ジャン=リュック・ゴダール『気狂いピエロ』
従来の映画の文法を破壊し、実験的な映像表現に挑戦。
ジム・ジャームッシュ『パターソン』
日常の風景を静かに見つめる、詩的なロードムービー。
4. ザプルーダー・フィルム(1963年)
21世紀のスクリーン文化に大きな影響を与えたホームビデオ
映画、ましてやドキュメンタリーとは程遠いように思えるホームムービーですが、エイブラハム・ザプルーダーが偶然撮影した1963年11月22日のジョン・F・ケネディ暗殺の映像は、20世紀最も重要な映像作品の一つと言えるでしょう。
ザプルーダーは、その日、ケネディ大統領の車列をたまたま撮影していました。彼の8mmカラーフィルムはわずか30秒足らずでしたが、ケネディ大統領の車が撃たれる瞬間を最も鮮明に捉えていました。
この映像は、すぐに捜査当局の手に渡り、世界中で最も分析された映像の一つとなりました。ウォーレン委員会の重要な証拠となり、メディアを通じて世界中に拡散されました。スローモーションで再生された映像は、人々の心に深い衝撃を与え、暗殺事件の謎を解き明かすための重要な手がかりとなりました。
しかし、ザプルーダーは、自分が撮影した映像が世界中に拡散されることに強い衝撃を受けました。特に、ケネディ大統領が撃たれる瞬間の映像が、人々の間でセンセーショナルに扱われることに心を痛めたと言われています。彼は、この映像が人々の心を傷つけ、悲劇を繰り返す原因になるのではないかと恐れたのです。
皮肉なことに、ザプルーダーの恐れたことは、現代のスクリーン文化において現実のものとなりました。現代では、犯罪やテロ事件の現場が、犯人自身によって撮影され、インターネット上で拡散されることが当たり前のように行われています。ザプルーダーの映像は、このような現代のスクリーン文化の暗い側面を予見していたのかもしれません。
関連作品
オリバー・ストーン『JFK』(1991)
この作品はザプルーダー・フィルムの影響を最も直接的に受けていると言っても良いでしょう。特にフィルムの再現。 映画内でザプルーダー・フィルムを詳細に再現し、分析しています。

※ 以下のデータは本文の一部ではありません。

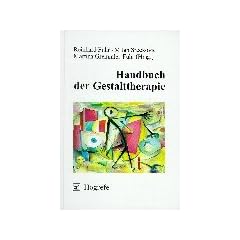 Handbuch der Gestalttherapie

そして、暗殺シーンを様々な角度から何度も描写し、ザプルーダー・フィルムの衝撃的な性質を強調しています。 フィルムの存在が映画全体のプロットを動かし、より大きな陰謀の可能性を示唆しています。
ウォルター・ヒル『ザ・ドライバー』(1978)
この作品は直接的にケネディ暗殺を扱っていませんが、ザプルーダー・フィルムの影響が見られます。 車内からの視点や、動く車を追跡するショットなど、ザプルーダー・フィルムを想起させるカメラワークに影響が見られます。